If you get the usability tests right, you will have the opportunity to Increase in user satisfaction, uncover hidden problem areas, and validate your edtech product.

Find out how teachers implement your product

This phase of the partnership is all about maintaining and maintaining. The goal is to increase and maintain user engagement while engaging and retaining users. That is the essence of to implement any high-quality Edtech solution.
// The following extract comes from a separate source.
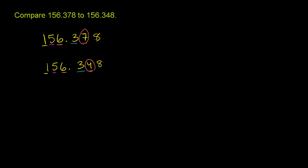And if we go to the thousandths place, these are equal. But it doesn't matter even if these were unequal. It doesn't matter even if this one was larger than this one. Because in the more significant place, this number was larger than this number. So seven is greater than four.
When implementing, it is important to understand exactly how teachers use an edtech tool in the classroom, what barriers prevent teachers or administrators from fully implementing a solution, and how edtech companies can better support the implementation process.

This is perhaps the most important part of product development because to understand the implications of your edtech tool it needs to be faithfully used in a school.

Implementation and usability are also important for clients. In a recent study by EDGE, three quarters of school principals stated that they prioritize “conformance to standards” and “usability” when evaluating materials because “these two dimensions could make it easier for teachers to implement the materials and reduce the burden on teachers by addressing their needs limit to additions “. […] and change […] their most important teaching materials. “

The right implementation process can help you Optimize onboarding processes, Increase in user loyalty, and refine your value proposition.

It is important that the cooperation with schools and the focus on implementation contribute to Identify the conditions that lead to success and paints a picture of what sustainable use of the product looks like.

Build an argument for your tool’s impact

Once the ease of use and implementation are satisfied, you can start linking product usage to results Correlation research.

From intelligent matching processes and usability tests to deliberate implementation and correlation research, it is very possible for edtech entrepreneurs and schools to work together thoughtfully and with an eye on the effects over time.

Assuming you’ve covered the questions in the implementation phase, the first thing to consider is key questions that address the implications of your tool:

What is the relationship between the use of the product and the results of teachers / students?

What explains the relationship between product use and teacher / student outcomes?

What explains the teacher and / or student commitment to the solution?

Collective evidence at this stage of the partnership is key as you need it to be demonstrate the promise of effect. You will do this by you Correlation of product usage with intended outcomes.

How strong edtech partnerships with school communities can have a big impact

From intelligent matching processes and usability tests to deliberate implementation and correlation research, it’s a lot possible for edtech entrepreneurs and schools to collaborate thoughtfully and looking at the implications over time.

The intent aspect requires the use of a magnifying lens that is demand-driven and based on real community needs.

The rest is just best research methods is carried out alongside the community buy-in. Modern edtech entrepreneurs should be aware of this.

LEANLAB Education is a Kansas City-based not-for-profit organization whose mission is to bring transformative educational innovations to the market with national impact. Their method is to combine underserved school communities with high potential educational technologies to measure their impact in authentic classroom environments.